Extracted records:
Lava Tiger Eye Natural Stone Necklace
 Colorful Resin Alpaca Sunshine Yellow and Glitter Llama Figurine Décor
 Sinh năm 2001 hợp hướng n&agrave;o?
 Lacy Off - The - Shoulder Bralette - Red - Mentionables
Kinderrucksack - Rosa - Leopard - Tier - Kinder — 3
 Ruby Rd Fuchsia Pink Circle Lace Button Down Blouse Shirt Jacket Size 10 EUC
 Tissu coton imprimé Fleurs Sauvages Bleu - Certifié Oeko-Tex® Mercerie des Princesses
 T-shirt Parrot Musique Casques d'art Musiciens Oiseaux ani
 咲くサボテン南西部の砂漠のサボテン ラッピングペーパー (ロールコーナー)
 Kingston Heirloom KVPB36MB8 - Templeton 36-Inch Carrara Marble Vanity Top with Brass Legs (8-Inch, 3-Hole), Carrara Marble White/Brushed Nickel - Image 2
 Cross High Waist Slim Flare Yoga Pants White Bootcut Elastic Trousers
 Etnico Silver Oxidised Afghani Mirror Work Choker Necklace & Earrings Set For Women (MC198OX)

→ TO DO: Your answer must be an exact copy of every record.

→ ANSWER FOR THIS EXERCISE:
Lava Tiger Eye Natural Stone Necklace
 Colorful Resin Alpaca Sunshine Yellow and Glitter Llama Figurine Décor
 Sinh năm 2001 hợp hướng n&agrave;o?
 Lacy Off - The - Shoulder Bralette - Red - Mentionables
Kinderrucksack - Rosa - Leopard - Tier - Kinder — 3
 Ruby Rd Fuchsia Pink Circle Lace Button Down Blouse Shirt Jacket Size 10 EUC
 Tissu coton imprimé Fleurs Sauvages Bleu - Certifié Oeko-Tex® Mercerie des Princesses
 T-shirt Parrot Musique Casques d'art Musiciens Oiseaux ani
 咲くサボテン南西部の砂漠のサボテン ラッピングペーパー (ロールコーナー)
 Kingston Heirloom KVPB36MB8 - Templeton 36-Inch Carrara Marble Vanity Top with Brass Legs (8-Inch, 3-Hole), Carrara Marble White/Brushed Nickel - Image 2
 Cross High Waist Slim Flare Yoga Pants White Bootcut Elastic Trousers
 Etnico Silver Oxidised Afghani Mirror Work Choker Necklace & Earrings Set For Women (MC198OX)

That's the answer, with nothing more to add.